THE TASK:
Could you write out, exactly as they stand, only the lines in the listing below from the line with "Детски робот с" to the line with "בית מלון כפרי Finca Verde Lodge", both ends included, without the pictures?

WORKING DATA:

☆ ☆ ☆ ☆ ☆

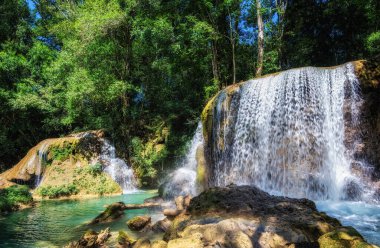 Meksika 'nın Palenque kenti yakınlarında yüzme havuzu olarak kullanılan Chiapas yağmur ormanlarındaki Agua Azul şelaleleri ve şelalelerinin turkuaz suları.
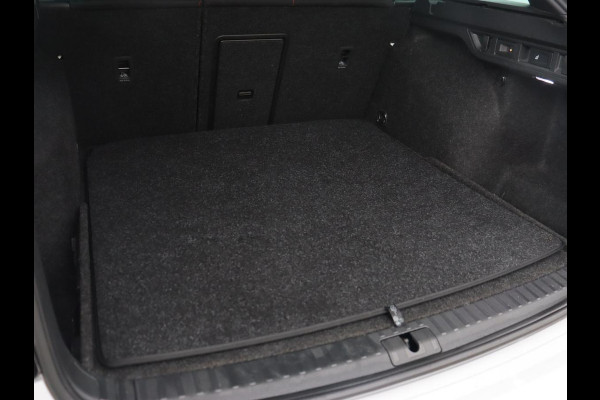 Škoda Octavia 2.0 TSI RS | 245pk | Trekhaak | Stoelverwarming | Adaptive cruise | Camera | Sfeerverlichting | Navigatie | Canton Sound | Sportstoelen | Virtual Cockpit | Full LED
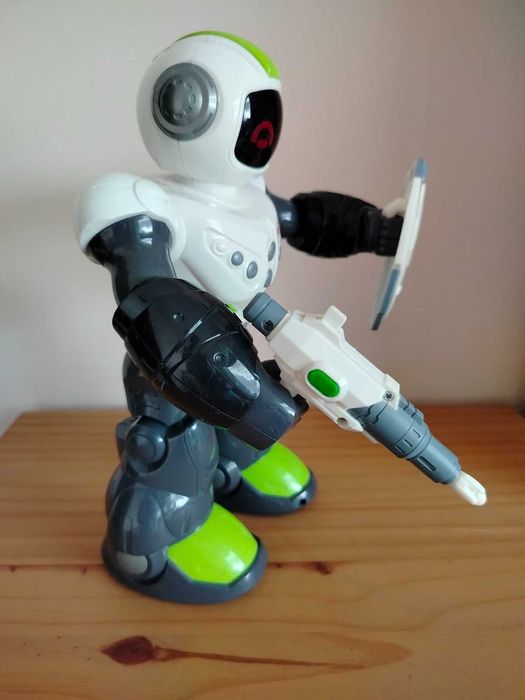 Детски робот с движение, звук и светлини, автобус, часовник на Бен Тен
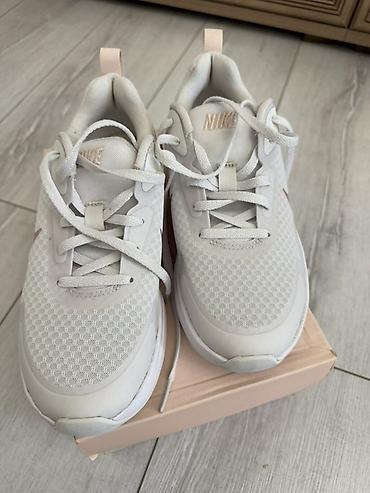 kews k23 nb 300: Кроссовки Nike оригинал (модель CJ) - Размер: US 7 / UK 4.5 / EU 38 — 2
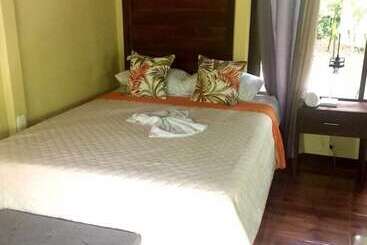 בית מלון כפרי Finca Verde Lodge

☆ ☆ ☆ ☆ ☆

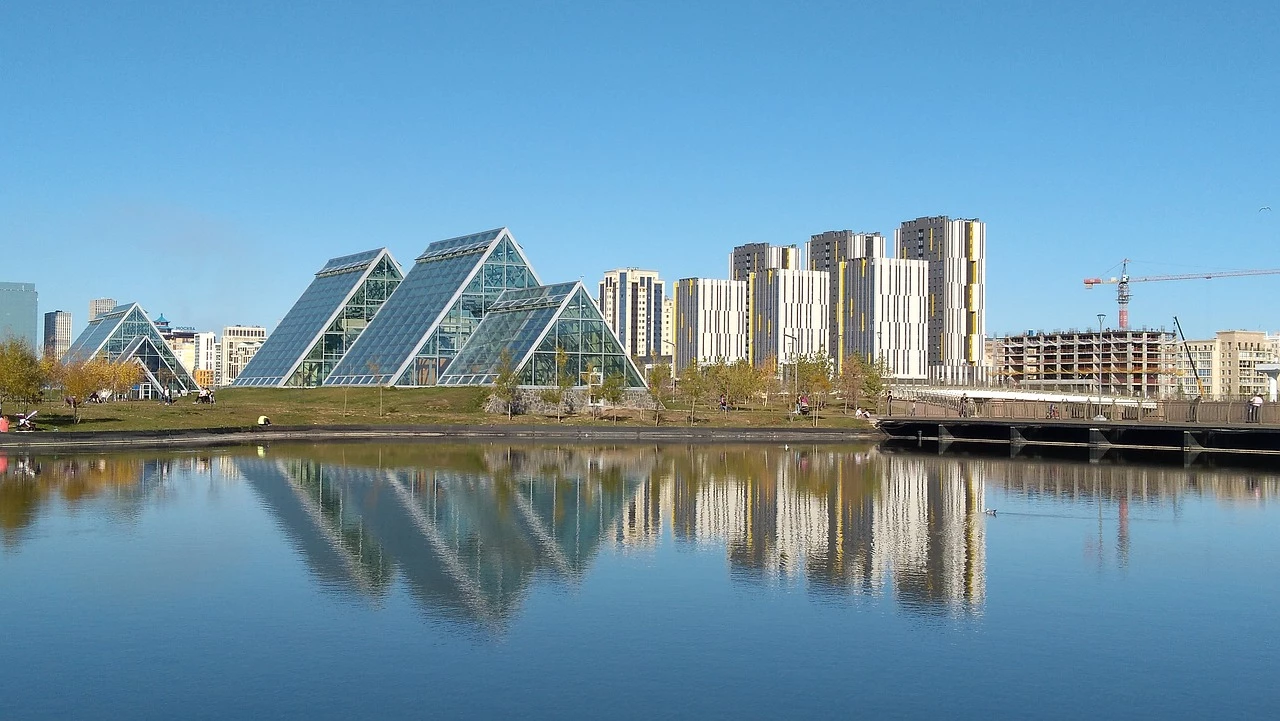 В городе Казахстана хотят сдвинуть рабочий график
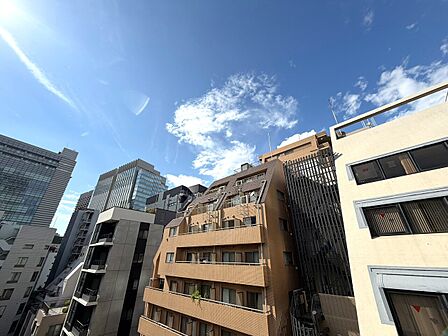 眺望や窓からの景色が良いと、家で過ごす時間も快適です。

☆ ☆ ☆ ☆ ☆

FINISHED TASK:
 Детски робот с движение, звук и светлини, автобус, часовник на Бен Тен
 kews k23 nb 300: Кроссовки Nike оригинал (модель CJ) - Размер: US 7 / UK 4.5 / EU 38 — 2
 בית מלון כפרי Finca Verde Lodge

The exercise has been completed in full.